- [DIRECTIONS FOR THIS TASK]: Every line from the one with "Lęborskie Dni Jakubowe 2015 - Tak było!" through the last line below should be repeated exactly; pictures stay out of the copy.

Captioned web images

= = = = =

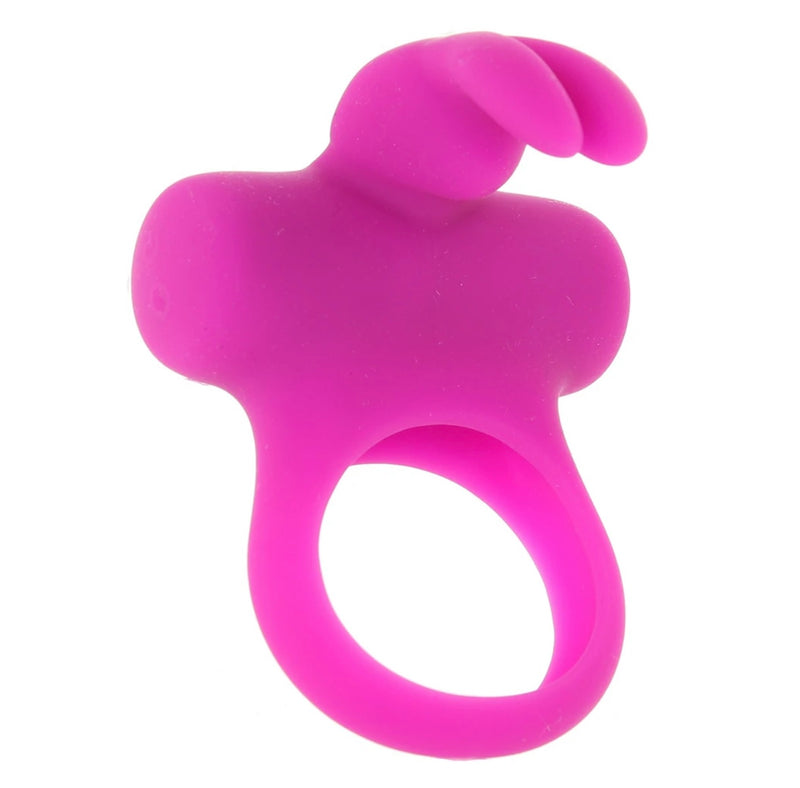 Frisk Bunny Vibrating Ring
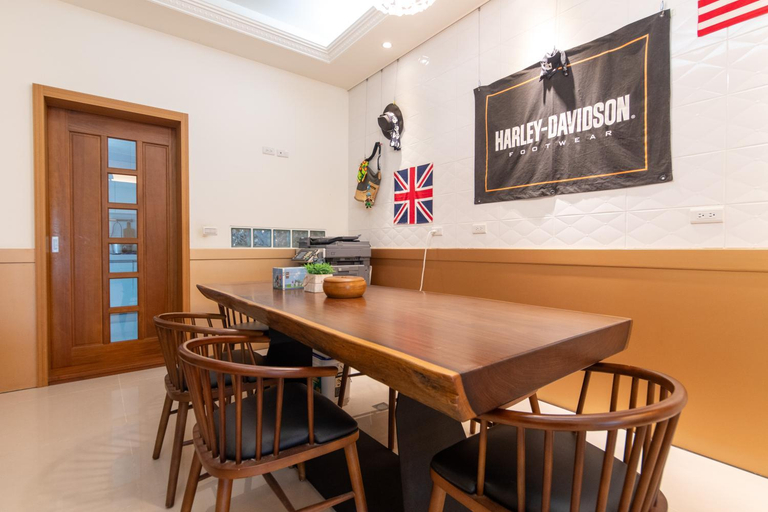 Food & Drinks, tuwei192homstay, Yilan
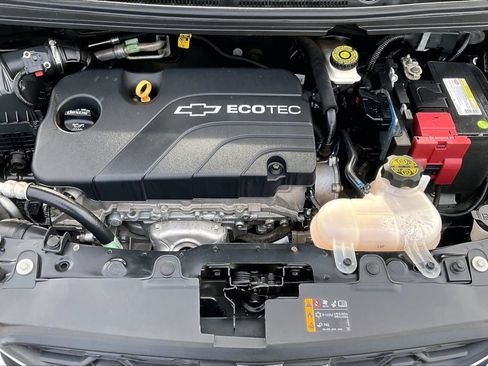 Used 2020 Chevrolet Spark LT image 9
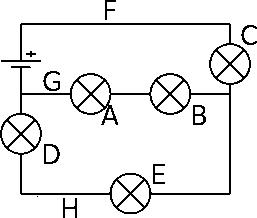 Circuit for question 4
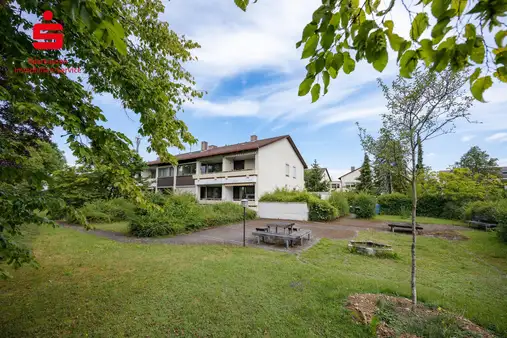 3 rooms Apartment in Munich, Germany No. 234301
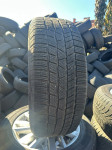 Gume zimske Continental Wintercontact TS830P AO DOT1725, 255/55/19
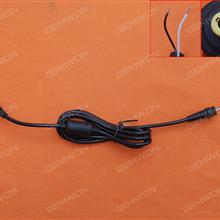 4.0x1.7mm DC Cords,0.3㎡ 1.2M,Material: Copper,(Good Quality) DC Jack/Cord K221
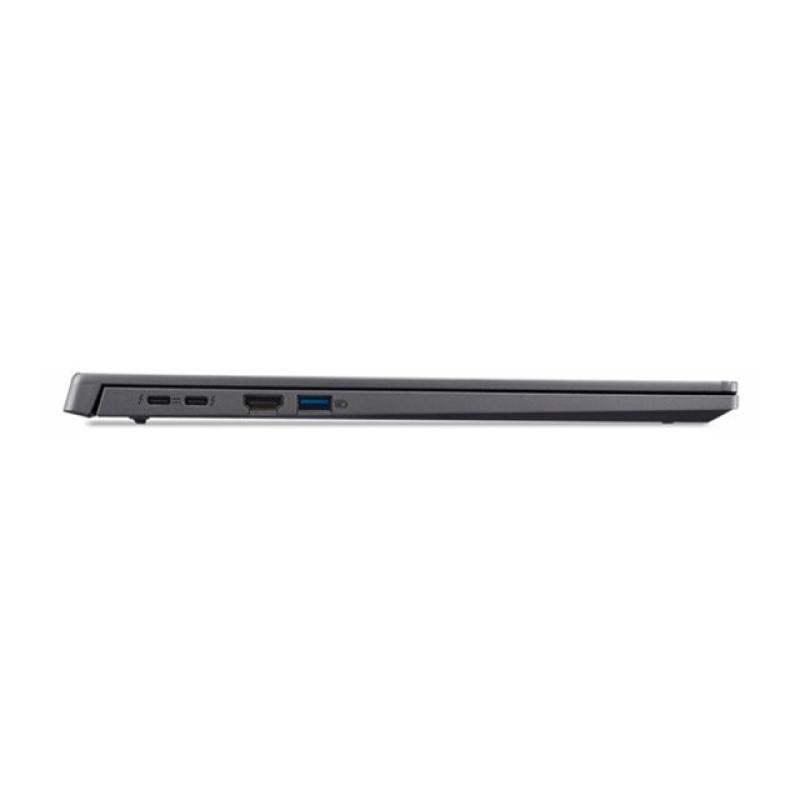 Portatil acer aspire 16 a16 - 71m ultra 7 - 155u - 16gb - ssd 1.024tb - 16 pulgadas - w11h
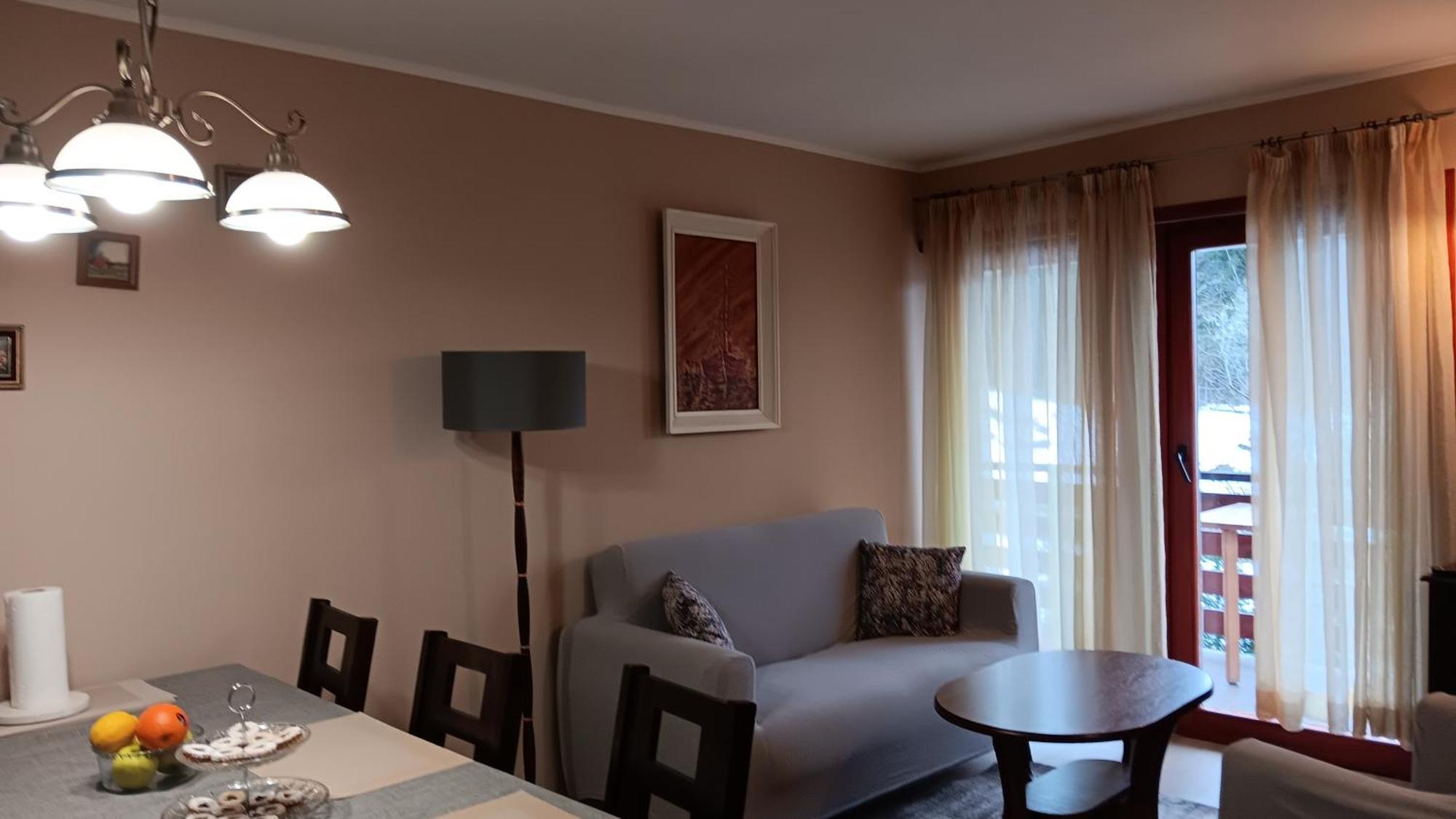 Apartment Medo Ravna Gora Exterior photo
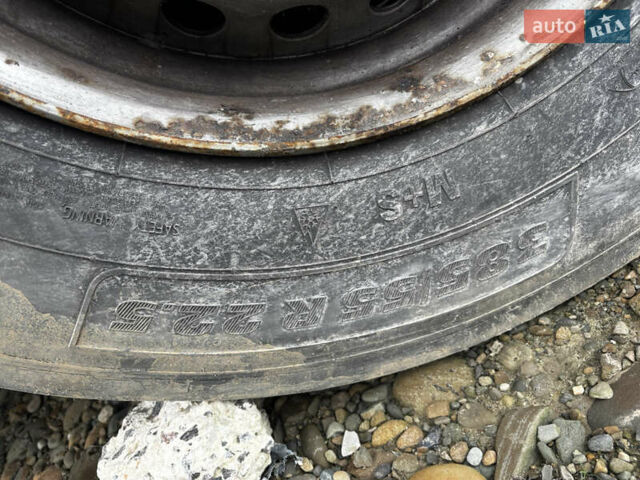 Шмітз SPR 24, об'ємом двигуна 0 л та пробігом 0 тис. км за 2499 $, фото 2 на Automoto.ua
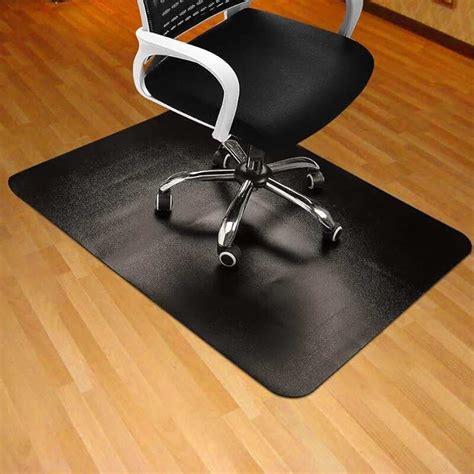 Amazon.com: rubber mat for office chair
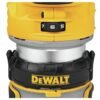 DEWALT 20V Max XR Cordless Router Review Exploring Power Speed and Precision Benefits DEWALT 20V Max XR Cordless Router Review Exploring Power Speed and Precision Benefits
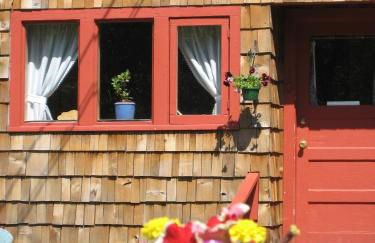 Shakti Cove Cottages - Foto 54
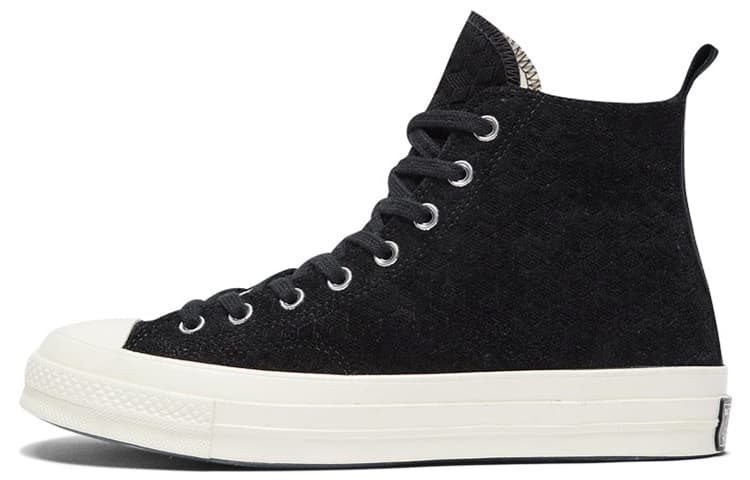 Converse 1970s Black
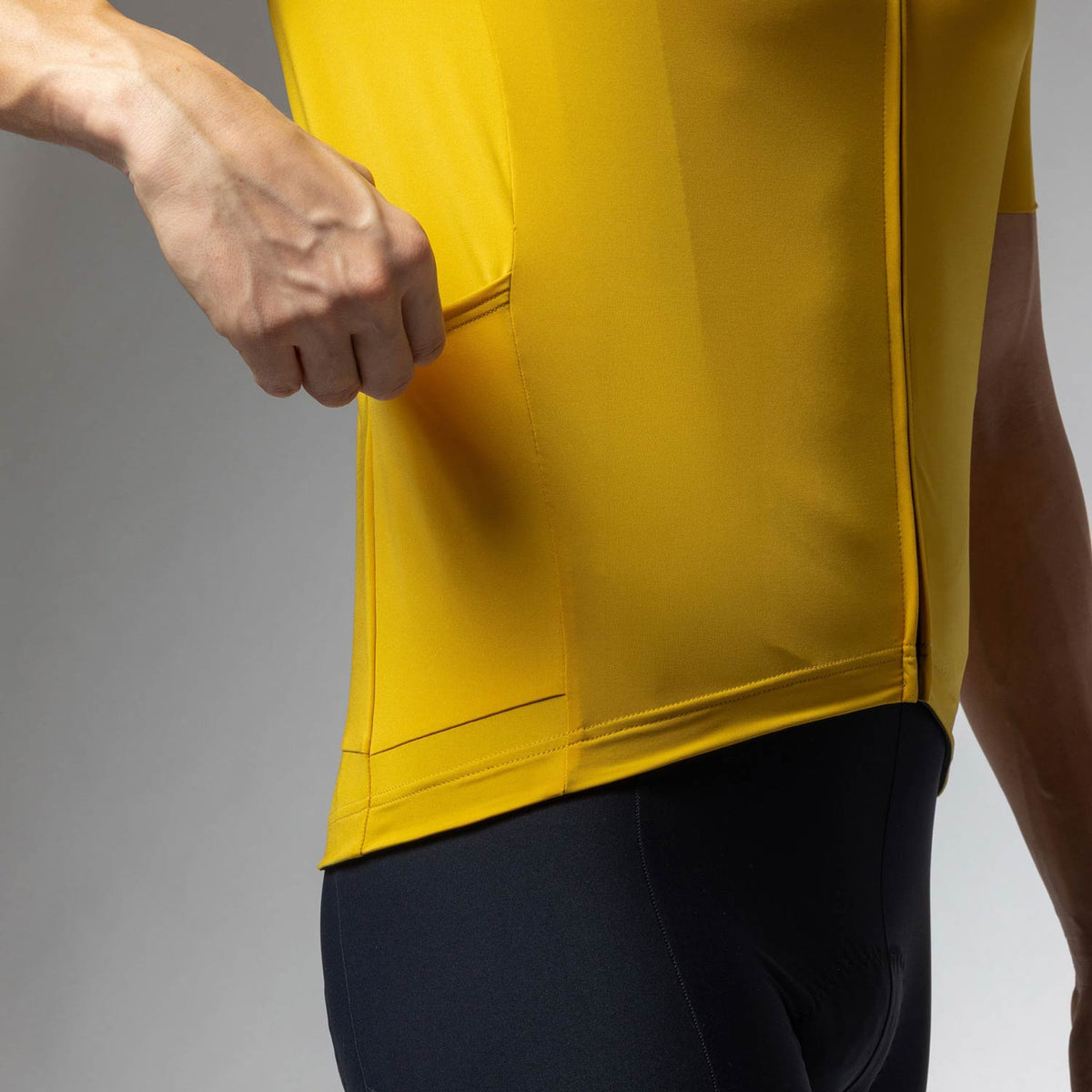 Colour Block Off Road Pragma SS26 Short Sleeved Jersey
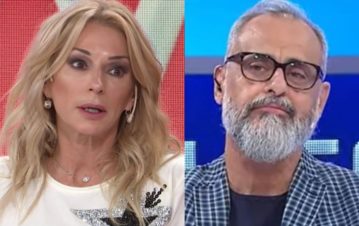 ¡Furiosa! Yanina Latorre arremetió en contra de Jorge Rial y lo tildó de “operador político”: "Dejen de..."
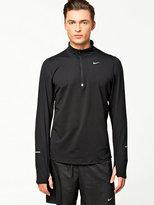 Thumbnail for your product : Nike Element 1/2 Zip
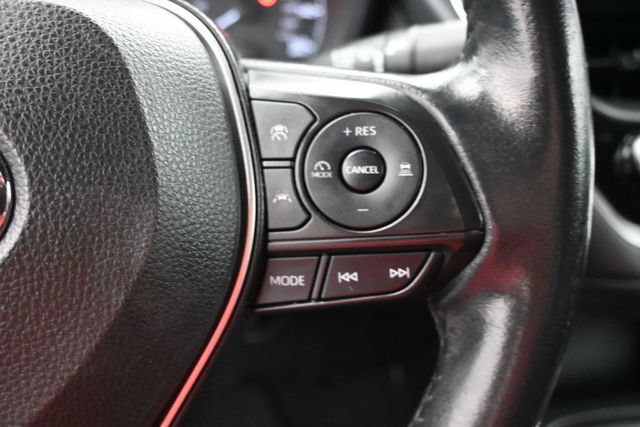 Used 2024 Toyota Corolla SE FWD image 28
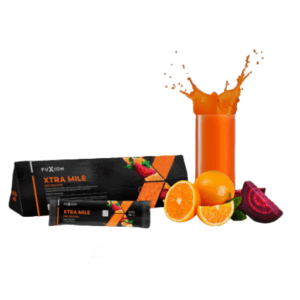 Xtra Mile Fuxion Caja 7 Sticks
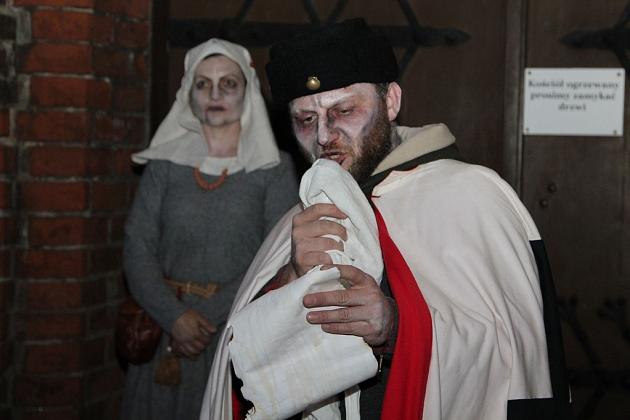 Lęborskie Dni Jakubowe 2015 - Tak było!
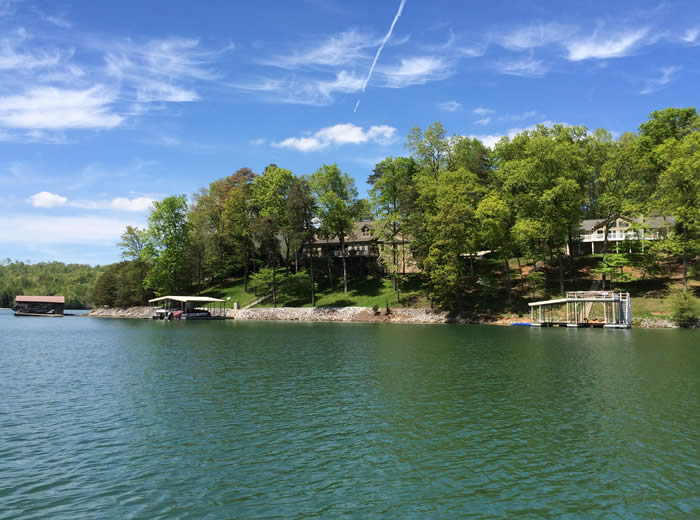 Vacation Homes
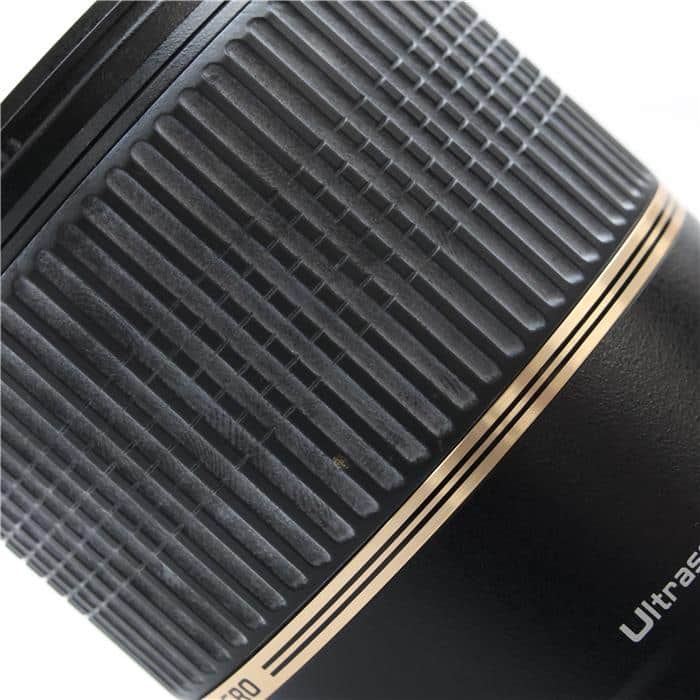 中古)TAMRON (タムロン) SP 90mm F2.8 Di MACRO 1:1 VC USD / F004N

= = = = =

- [RESPONSE]:
 Lęborskie Dni Jakubowe 2015 - Tak było!
 Vacation Homes
 中古)TAMRON (タムロン) SP 90mm F2.8 Di MACRO 1:1 VC USD / F004N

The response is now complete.